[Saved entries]

┏━━

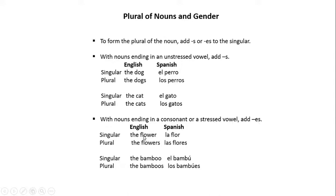For example, the flower (singular) is 'la flor', and the flowers (plural) is 'las flores' — we just added 'es'. The bamboo (singular) in Spanish is 'el bambú', and the bamboos (plural) is 'los bambúes'.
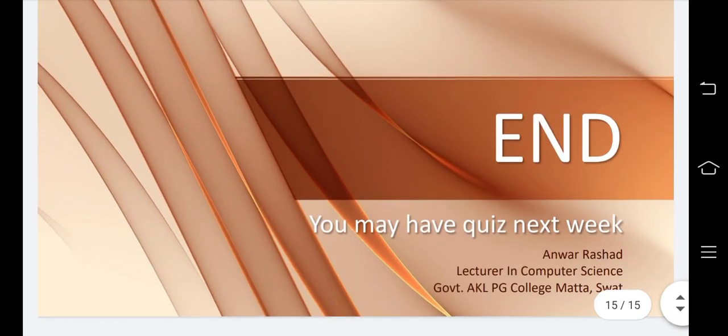This is the end of the transaction graph and generalized transaction graph lecture.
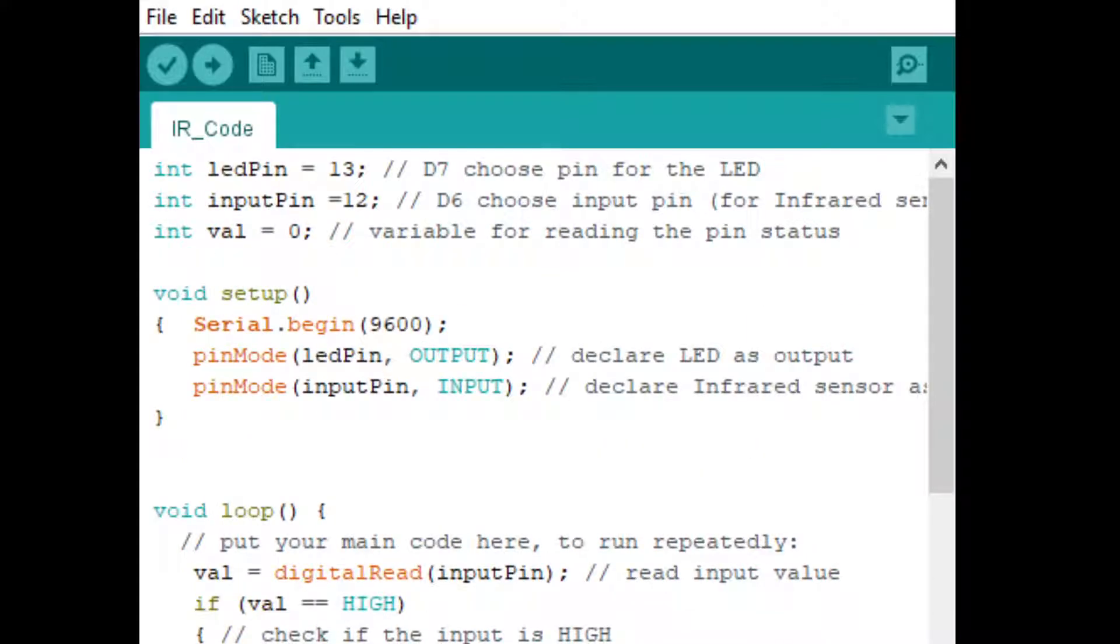Here we have to define two pins: one for LED, another one for input from IR sensor. The IR sensor input is available at D6 or GPIO 12 pin, and the LED output is available at D7 or GPIO 13. Next, we will define the baud rate and input-output for the board.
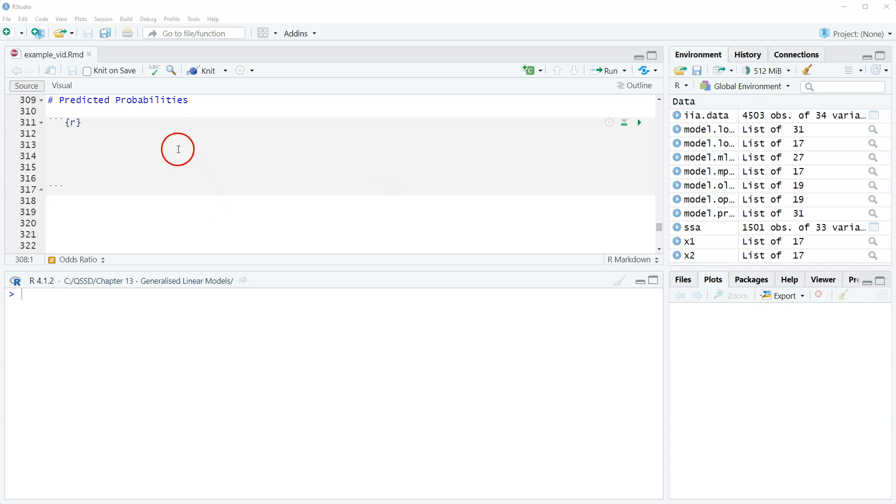Hi, this is Brian Fogarty, and this is a video for chapter 13 of the book Quantitative Social Science Data with R, second edition. In this video, we're going to quickly look at predictive probabilities for multinomial logit.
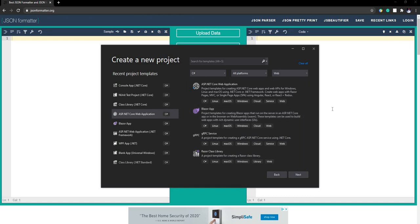Hello everyone and welcome to .NET Core Central. In today's video I am going to talk about performance counters in .NET. It is a .NET tool which we can install using the .NET command and then look into performance counters of a running application.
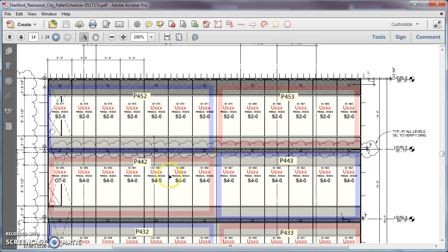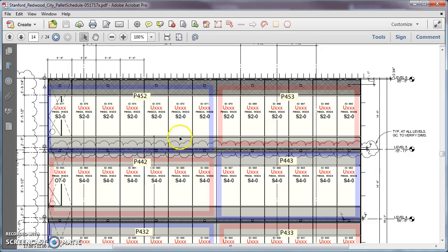So it would be this pallet and then this pallet here, and then I would have to go look on other elevations possibly for 444 and on until I come back to this pallet. So this establishes a sequence of installation of all the units.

┗━━

* Problem to work on
Output all the entries above verbatim, please. No images.

* Answer to this problem
For example, the flower (singular) is 'la flor', and the flowers (plural) is 'las flores' — we just added 'es'. The bamboo (singular) in Spanish is 'el bambú', and the bamboos (plural) is 'los bambúes'.
This is the end of the transaction graph and generalized transaction graph lecture.
Here we have to define two pins: one for LED, another one for input from IR sensor. The IR sensor input is available at D6 or GPIO 12 pin, and the LED output is available at D7 or GPIO 13. Next, we will define the baud rate and input-output for the board.
Hi, this is Brian Fogarty, and this is a video for chapter 13 of the book Quantitative Social Science Data with R, second edition. In this video, we're going to quickly look at predictive probabilities for multinomial logit.
Hello everyone and welcome to .NET Core Central. In today's video I am going to talk about performance counters in .NET. It is a .NET tool which we can install using the .NET command and then look into performance counters of a running application.
So it would be this pallet and then this pallet here, and then I would have to go look on other elevations possibly for 444 and on until I come back to this pallet. So this establishes a sequence of installation of all the units.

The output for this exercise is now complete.